* **How to complete this task**: You are asked to repeat the listing word for word and to leave out its pictures.

* **Dataset extract**:
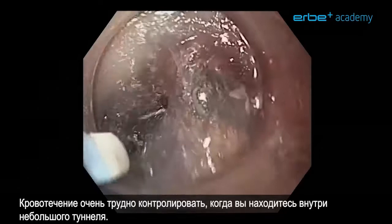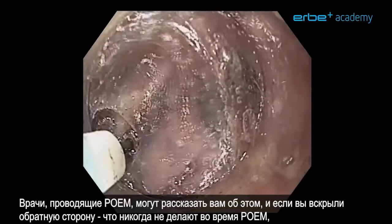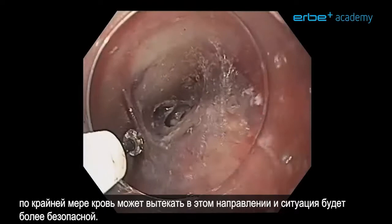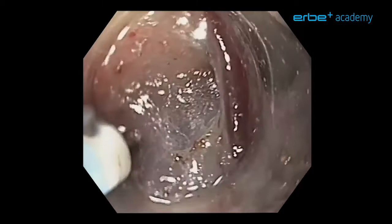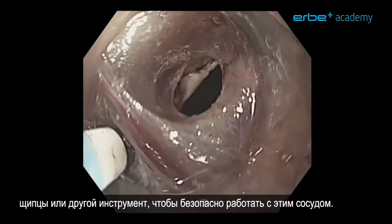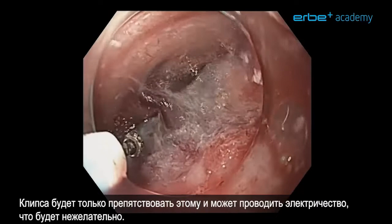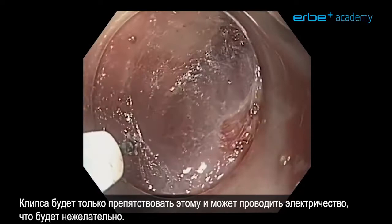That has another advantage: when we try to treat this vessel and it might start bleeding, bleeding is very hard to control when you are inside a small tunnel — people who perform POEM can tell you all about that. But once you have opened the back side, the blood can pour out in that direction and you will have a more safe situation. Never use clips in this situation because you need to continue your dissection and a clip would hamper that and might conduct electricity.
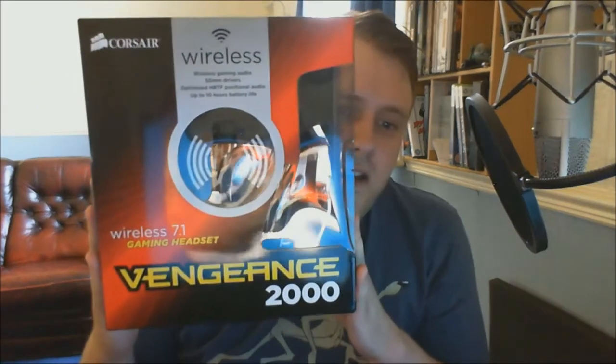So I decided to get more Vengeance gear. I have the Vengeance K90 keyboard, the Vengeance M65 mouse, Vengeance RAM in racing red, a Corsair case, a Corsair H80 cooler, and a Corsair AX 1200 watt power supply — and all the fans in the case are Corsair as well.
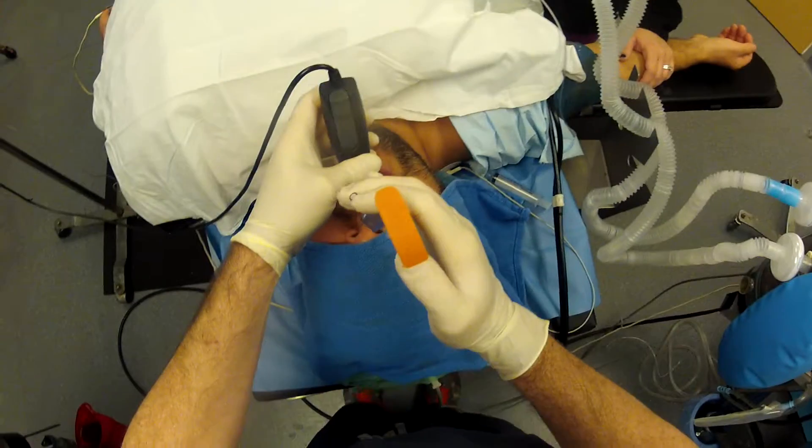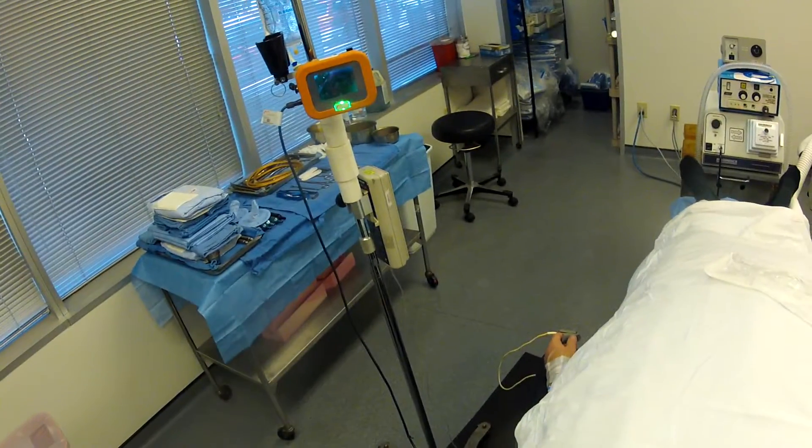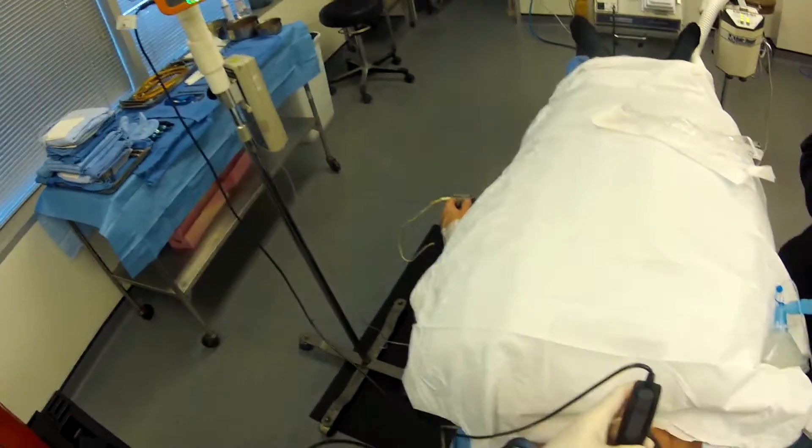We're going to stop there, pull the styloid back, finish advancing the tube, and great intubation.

* **Answer box**:
That has another advantage: when we try to treat this vessel and it might start bleeding, bleeding is very hard to control when you are inside a small tunnel — people who perform POEM can tell you all about that. But once you have opened the back side, the blood can pour out in that direction and you will have a more safe situation. Never use clips in this situation because you need to continue your dissection and a clip would hamper that and might conduct electricity.
So I decided to get more Vengeance gear. I have the Vengeance K90 keyboard, the Vengeance M65 mouse, Vengeance RAM in racing red, a Corsair case, a Corsair H80 cooler, and a Corsair AX 1200 watt power supply — and all the fans in the case are Corsair as well.
We're going to stop there, pull the styloid back, finish advancing the tube, and great intubation.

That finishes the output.